Para ello, no dudaron en recurrir los peores castigos que se conocían: desde la excomunión hasta una muerte inmediata llena de dolores terribles. Robar un libro podía significar que fueras atravesado de forma fulminante por una espada demoníaca, que te cortaran las manos, que te sacaran los ojos o que tu alma acabara condenada al fuego eterno. Nada de ello llegaba a producirse, por supuesto, pero la amenaza era incentivo suficiente como para evitar que hubiera que llegar a esos extremos, sobre todo porque en un momento en que la gente creía que todas aquellas maldiciones podían hacerse realidad y no iban a arriesgarse a comprobarlo.

Marc Drogin recogió en su libro de 1983 Anathema!: Mediaeval Scribes and the History of Book Curses un buen compendio de estas maldiciones. Drogin era un diseñador que atraído por las letras góticas y la caligrafía medieval, encontró una de esas maldiciones mientras se documentaba sobre el tema. El título del libro de Drogin hace referencia a uno de los castigos más frecuentos, el anatema, que implicaba la excomunión. A medida que continuó investigando encontró más y más maldiciones y comenzó a recopilarlas, formando una colección que iban desde la antigua Grecia y Babilonia, pasando por el Renacimiento, hasta el siglo XIX. La diferencia entre Drogin y otros historiadores que se habían referido anteriormente a estas sentencias es que estos últimos las consideraban simples curiosidades históricas, mientras que para Drogin era la prueba de cuán valiosos eran los libros para los escribas y eruditos medievales, en un momento en que en las bibliotecas podía haber tan solo unas pocas docenas de libros. Drogin consiguó reunir en su libro docenas de maldiciones y además llegó a advertir que tenía otras tantas que le daban para hacer una segunda edición, aunque nunca llegó a hacerlo.
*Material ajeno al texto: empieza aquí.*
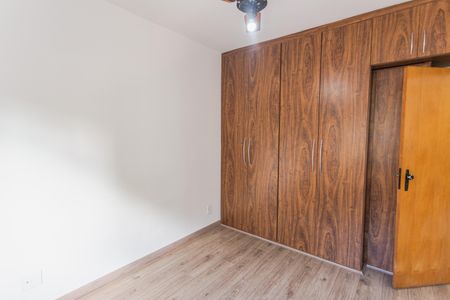 Apartamento para alugar com 65m², 2 quartos e 1 vaga Apartamento para alugar com 65m², 2 quartos e 1 vagaQuarto 1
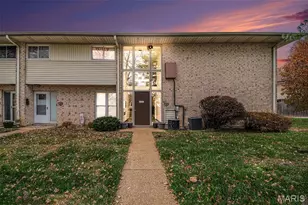 11951 Tesson Ferry Rd, Saint Louis, MO 63128 - Photo 1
Las maldiciones utilizadas podían ser desde fórmulas muy sencillas hasta sentencias tremendamente elaboradas. En su ensayo Drogin escribió que la efectividad de la amenaza era proporcional a la cantidad de detalles morbosos en relación al sufrimiento físico que daban. Algunos escribas llegaban a unos niveles de creatividad sorprendentes. En la biblioteca del Monasterio de San Pedro en Barcelona encontramos la siguiente advertencia: «Para aquel que roba, o pide prestado un libro y a su dueño no lo devuelve, que se le mude en sierpe la mano y lo desgarre. Que quede paralizado y condenados todos sus miembros. Que desfallezca de dolor, suplicando a gritos misericordia, y que nada alivie sus sufrimientos hasta que perezca. Que los gusanos de los libros le roan las entrañas, como lo hace el remordimiento que nunca cesa. Y que cuando, finalmente, descienda al castigo eterno, que las llamas del infierno lo consuman para siempre.»

Ahora bien, no todos los escribas fueron igualmente creativos. No era extraño que hubiera maldiciones que se copiaran o que se reciclaran, con diferentes cambios o añadidos. Incluso hoy en día sigue siendo muy habitual encontrar la maldición más famosa de todas, la que se encuentra en la biblioteca de la Universidad de Salamanca: «Hay excomunión reservada a Su Santidad contra cualesquiera personas que quitaren, distrajeren o, de cualquier modo, enajenaren algún libro, pergamino o papel de esta biblioteca sin que puedan ser absueltas hasta que esta esté perfectamente reintegrada.»